Department of Justice, Press Release, 24 April, 1997
Department of Justice, Press Release

Justice Minister Nora Owen today (24 April) visited Baldonnel Aerodrome accompanied by the Minister for Defence, Mr. Sean Barrett T.D., to view the successful training and integration of the Garda Air Support Unit.

Minister Owen and Minister Barrett received a briefing from senior Garda management on the training programme which has been going on for a number of months. The helicopter and the fixed-wing aircraft for use by the Garda Air Support Unit are due for delivery shortly. The aircraft will be piloted by the Air Corps with the Gardai who have undergone extensive training as observers. The new aircraft will be equipped with sophisticated technical equipment, such as the thermal imaging and will provide the Force with 24 hour air support capability. They will be used to assist the Gardai in combating all forms of crime including organised crime gangs, drug trafficking, paramilitary activity and serious mobile crime and such crimes as joyriding. The Air Support Unit will provide direct support to units on the ground for checkpoints, observation and pursuit. 

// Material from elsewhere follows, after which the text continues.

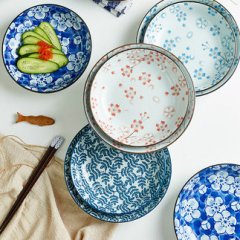 日式陶瓷餐具批发 釉下彩陶瓷餐盘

"I am glad that at long last the Gardai will have a 24 hour air support capability. It is over 15 years since the concept of a Garda Air Support Unit was first talked about. This Government has delivered on the promises of the past and I am confident that this new Air Support Unit will be an essential tactical aid to the Garda Siochana in targeting all forms of crime" said the Minister. 

The Minister thanked her colleague Minister Sean Barrett and the Air Corps for their tremendous co-operation to the Gardai in assisting them with providing air support up to now. The Minister also thanked all those involved in the project including the Garda Siochana and the members of the Inter-Departmental Group which studied the feasibility of establishing an Air Support Unit for the Gardai. 

24 April, 1997. 

Note for Editors: 

On 12 December 1996, contracts valued at £5.5m were signed for the purchase of a helicopter and a fixed-wing aircraft for the dedicated use of the Garda Air Support Unit. The contracts were awarded following a thorough evaluation by an Inter-Departmental Working Group which included specialists in the aviation field, of the current and future needs of the Garda Siochana. The contract for the helicopter was awarded to Eurocopter International of France for their AS355N Twin Ecureuil. The fixed-wing aircraft which was selected is the P.B.N. Defender 4000 and this contract was awarded to Pilatus Britten-Norman of the United Kingdom. 

Irish Times, Wednesday, September 10, 1997
Garda air wing gets £5.5m aircraft, helicopter
By John Maher, Drugs and Crime Correspondent 

The Garda's new air wing has officially taken off, 16 years after a minister for justice first deemed it a priority. 

 Yesterday, the force proudly showed off the new Squirrel helicopter and Defender aircraft which make up the Garda Air Support Unit, both piloted and maintained by Air Corps personnel but under the operational control of the Garda and its observers on board.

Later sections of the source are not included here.